Participants can submit at Codabench, or send the results at in a Zip file to vsdchallenge@gmail.com. We will review the submissions publish the ranking here.

Baseline

We use pre-trained Vison-Language Models as the baselines.

Link to the code https://github.com/LLLogen/VSDcode

Registration

Welcome and please apply for the VSD challenge via a form at this link.

Feel free to contact us at vsdchallenge@gmail.com.

Timeline

Please note: The submission deadline is at 11:59 p.m. (Anywhere on Earth) of the stated deadline date.

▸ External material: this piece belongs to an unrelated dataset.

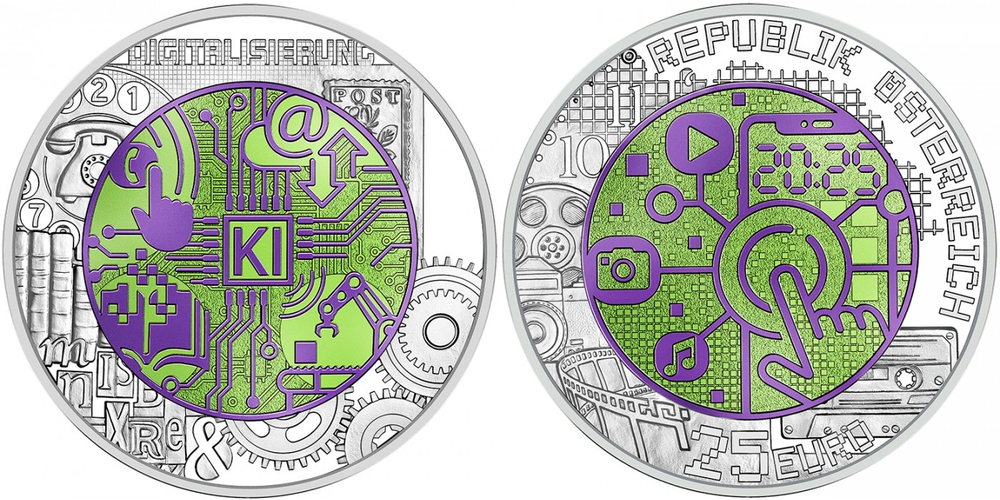 Австрия 25 евро, 2025 Цифровизация UNC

Registration open May 24, 2024
Release of all datasets MAy 28, 2024
Evaluation results and ranking open June 10, 2024
System reports and conference paper deadline July 12, 2024
Results Submission Deadline August 1, 2024
Challenge Paper Submission Deadline(follow MM2024 Workshop Dates) August 19, 2024

Rewards

Top-ranked participants in this competition will receive a certificate of achievement and will be recommended to write a technical paper for submission to the ACM ToMM Special Issue.

Organizers

Yu Zhao. College of Intelligence and Computin, Tianjin University, China.

Hao Fei. Skywork AI, National University of Songalpore, Singapore.

Bobo Li. School of Cyber Science and Engineering, Wuhan University, China.

Meishan Zhang. Harbin Institute of Technology (Shenzhen), Shenzhen, China.

Min Zhang. Harbin Institute of Technology (Shenzhen), Shenzhen, China.

References

[1] Zhao, Y., Wei, J., Lin, Z., Sun, Y., Zhang, M., & Zhang, M. (2022, December). Visual Spatial Description: Controlled Spatial-Oriented Image-to-Text Generation. In Proceedings of the 2022 Conference on Empirical Methods in Natural Language Processing (pp. 1437-1449).

[2] Zhao, Y., Fei, H., Ji, W., Wei, J., Zhang, M., Zhang, M., & Chua, T. S. (2023, July). Generating Visual Spatial Description via Holistic 3D Scene Understanding. In Proceedings of the 61st Annual Meeting of the Association for Computational Linguistics (pp. 7960-7977).

[3] Yang, K., Russakovsky, O., & Deng, J. (2019). Spatialsense: An adversarially crowdsourced benchmark for spatial relation recognition. In Proceedings of the IEEE/CVF International Conference on Computer Vision (pp. 2051-2060).

[4] Raffel, C., Shazeer, N., Roberts, A., Lee, K., Narang, S., Matena, M., ... & Liu, P. J. (2020). Exploring the limits of transfer learning with a unified text-to-text transformer. Journal of machine learning research, 21(140), 1-67.